BREAKING: White House Offers Compromise on Mandatory Contraception Coverage (Updated)


Updated at 11:20 a.m:

Women who work at religious institutions such as schools and hospitals would still be able to receive family planning services free of charge, without the religious employer paying for the coverage, under a policy change announced Friday by senior Obama administration officials.

Under Section 2713 of the Patient Protection and Affordable Care Act (PPACA) (P.L. 111-148), most private health plans must cover preventive services for women without charging a co-pay starting on August 1, 2012. Regulations announced last year (Interim final rule, 76 FR 46621, August 3, 2011) provided an exemption for certain religious employers regarding contraception. Religious employers, for the purpose of the exemption, were defined as nonprofits that

  • (1) have the purpose of cultivating religious values,
  • (2) employ mainly people of similar religious beliefs, and
  • (3) serve people with similar religious beliefs.

 At the time, it was unclear if the religious exemption applied to entities run by religious organizations that employed or served people from a variety of faiths, or had no religious affiliation at all. On January 20, 2012, however, HHS announced that nonprofit employers who, based on religious beliefs, do not currently provide contraceptive coverage in their insurance plan, would be provided an additional year, until August 1, 2013, to comply with the new law.

 Over the past few weeks, this clarification was the subject of much discussion and opposition, especially from the Roman Catholic Church.

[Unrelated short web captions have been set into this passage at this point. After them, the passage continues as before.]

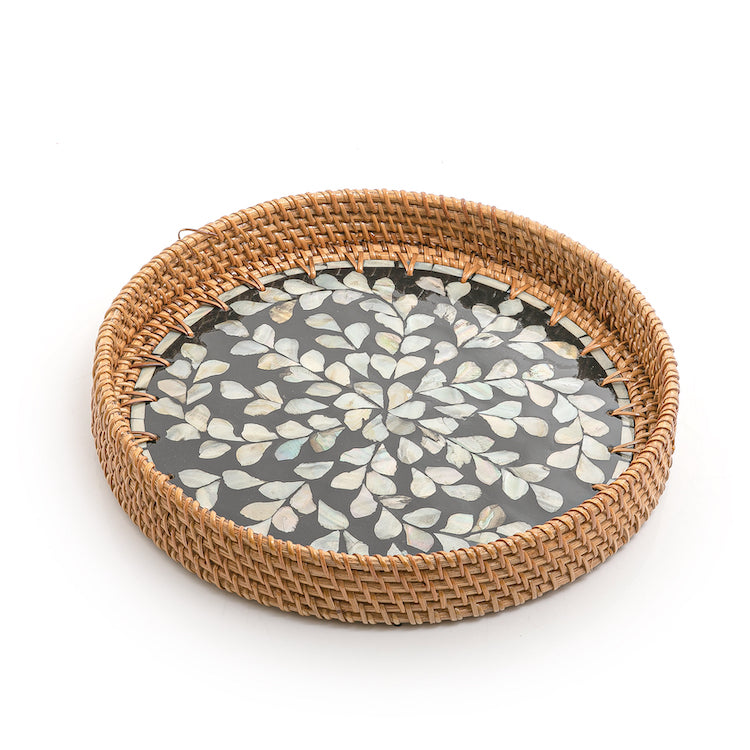 Mother of Pearl Rattan Round Tray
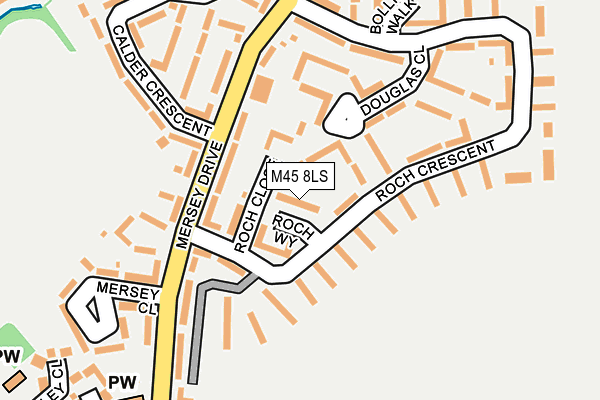 M45 8LS map - OS OpenMap – Local (Ordnance Survey)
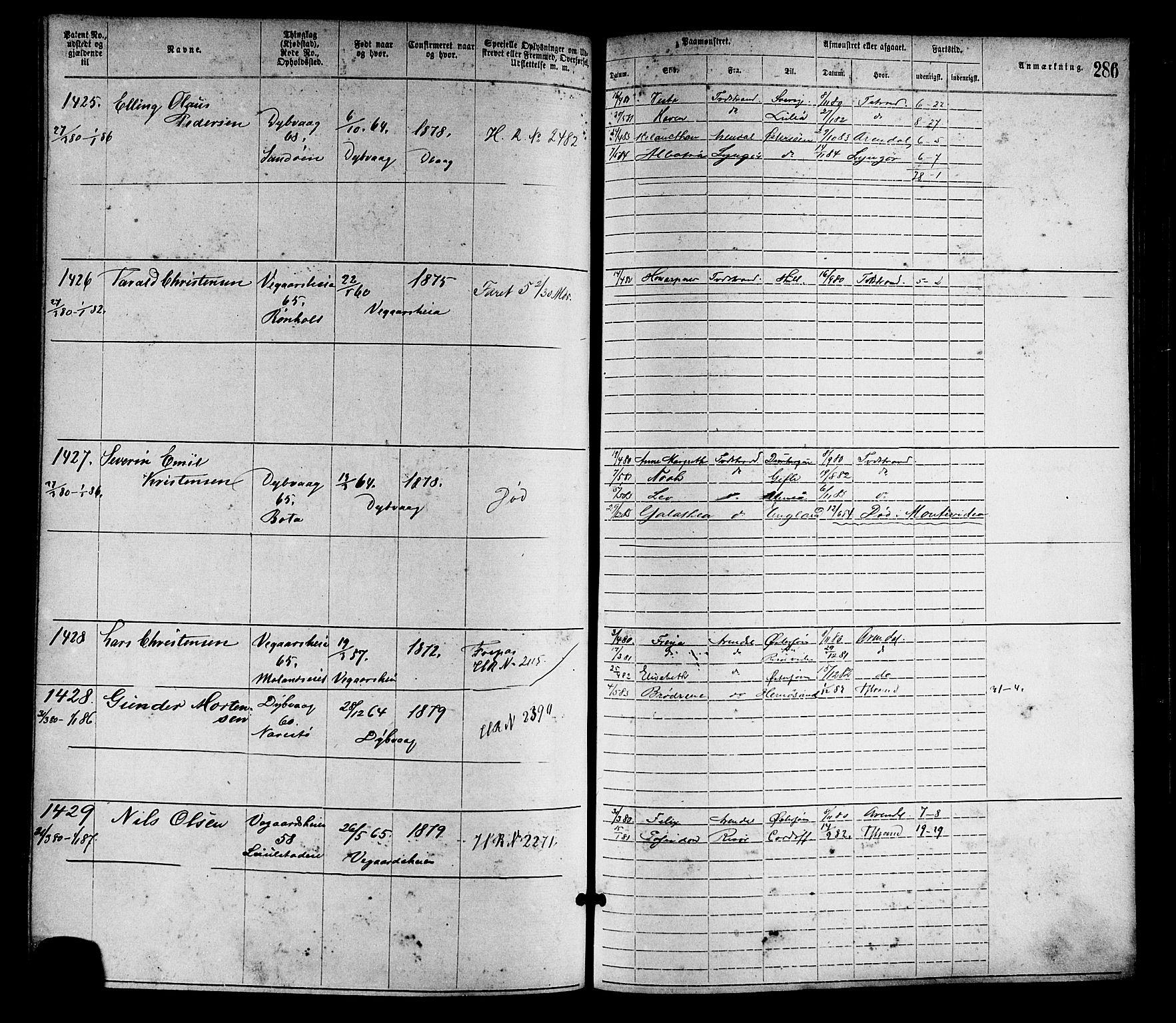 Tvedestrand mønstringskrets, SAK/2031-0011/F/Fa/L0001: Annotasjonsrulle nr 1-1905 med register, R-1, 1866-1886, p. 311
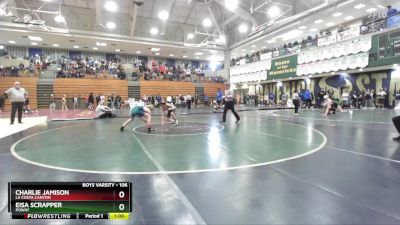 106 lbs Quarterfinal - Charlie Jamison, La Costa Canyon vs Eisa Scrapper, Poway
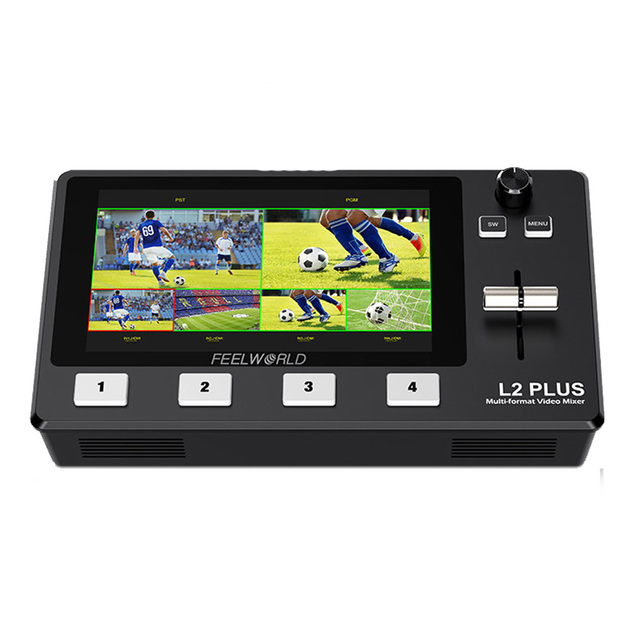 FEELWORLD L2 PLUS 5.5" LCD Multi-camera Video Mixer Switcher With Touch Screen PTZ Control Chroma Key USB3.0 for Live Streaming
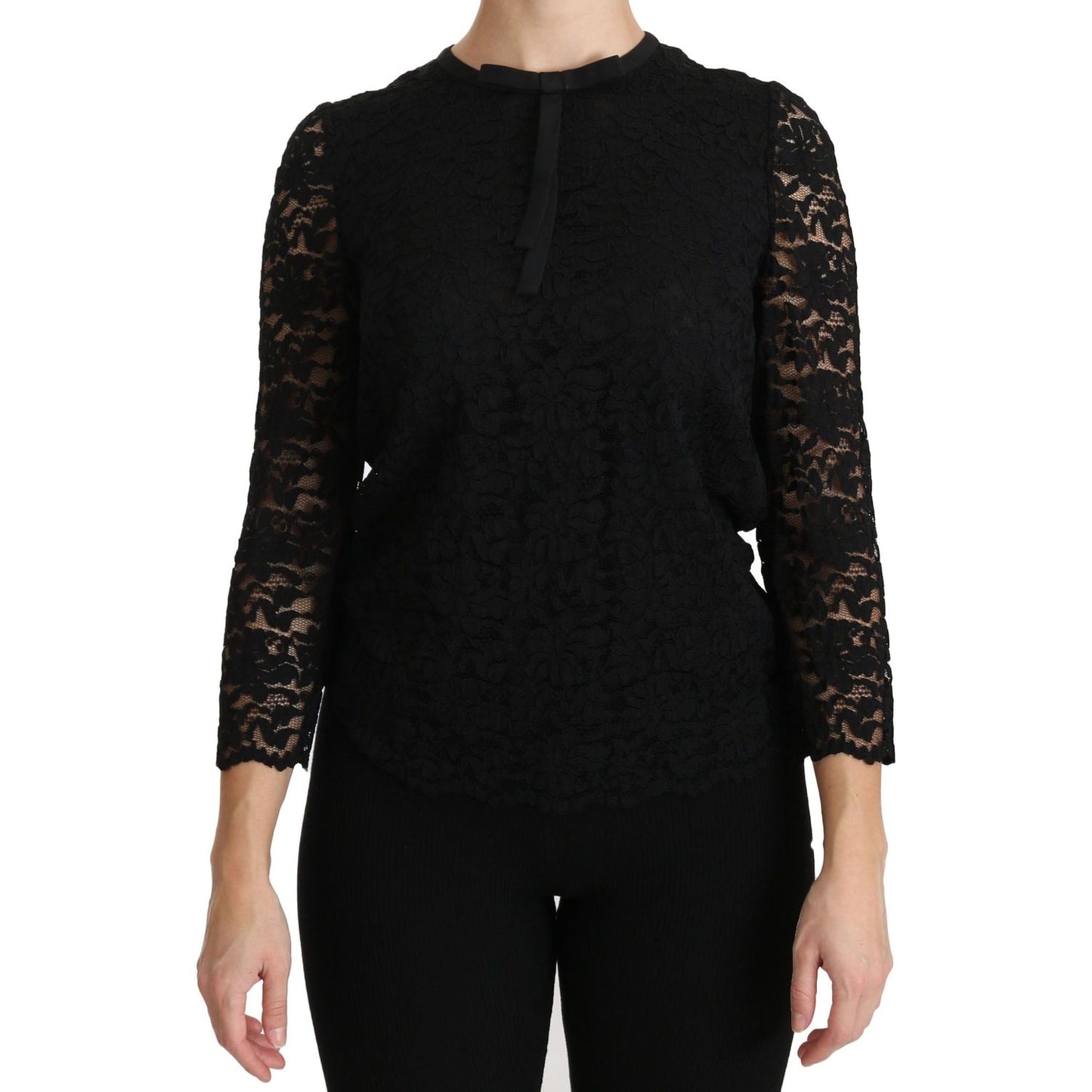 Dolce & GabbanaElegant Black Lace Crew Neck BlouseMcRichard Designer Brands£479.00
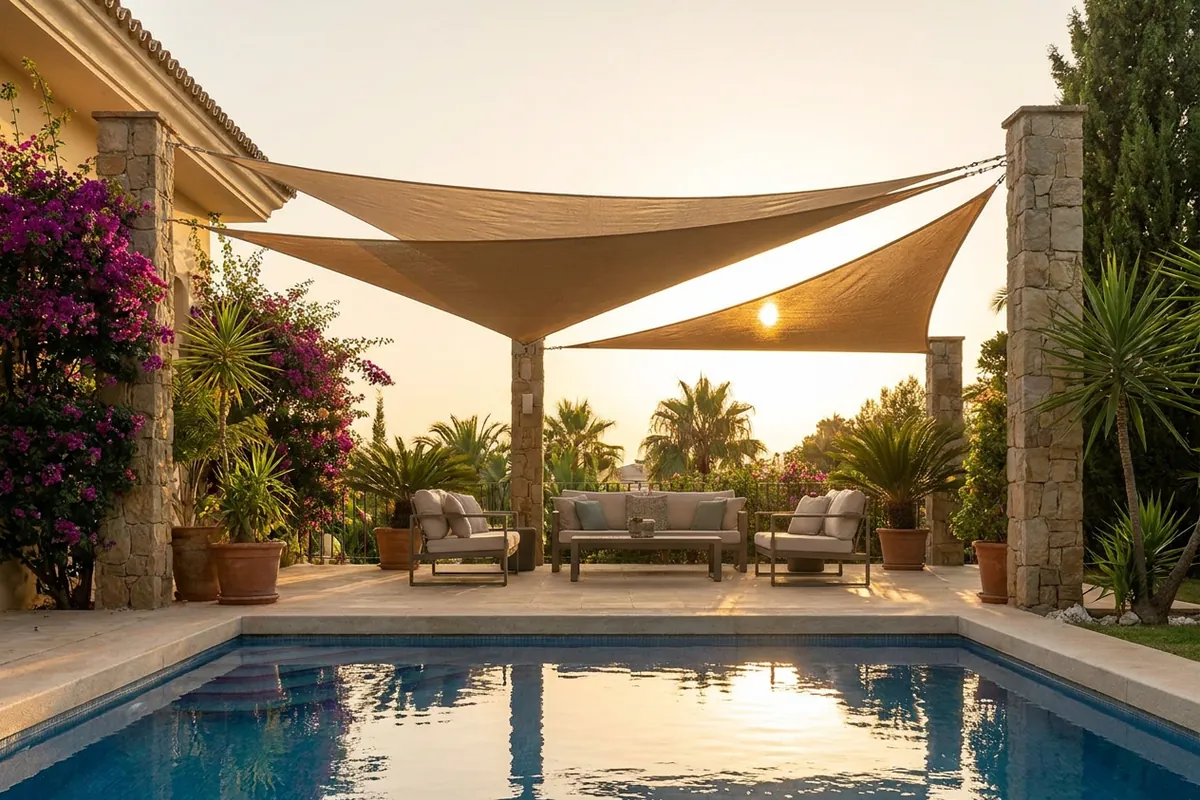 Sonnensegel-Einrichtung auf einer mediterranen Terrasse in Nueva Andalucía, Costa del Sol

The Obama administration announced on February 10 that it would publish final rules in the Federal Register that would exempts churches, other houses of worship, and similar organizations from covering contraception on the basis of their religious objections. The rule also would provide a one-year transition period for religious organizations while this policy is being implemented.

 Further, the administration announced that sometime in the upcoming year it will propose and finalize a new regulation to address the religious objections of the non-exempted religious organizations. The new regulation will require insurance companies to cover contraception if the non-exempted religious organization chooses not to. Under the policy:

  • Religious organizations will not have to provide contraceptive coverage or refer their employees to organizations that provide contraception.
  • Religious organizations will not be required to subsidize the cost of contraception.
  • Contraception coverage will be offered to women by their employers’ insurance companies directly, with no role for religious employers who oppose contraception.
  • Insurance companies will be required to provide contraception coverage to these women free of charge.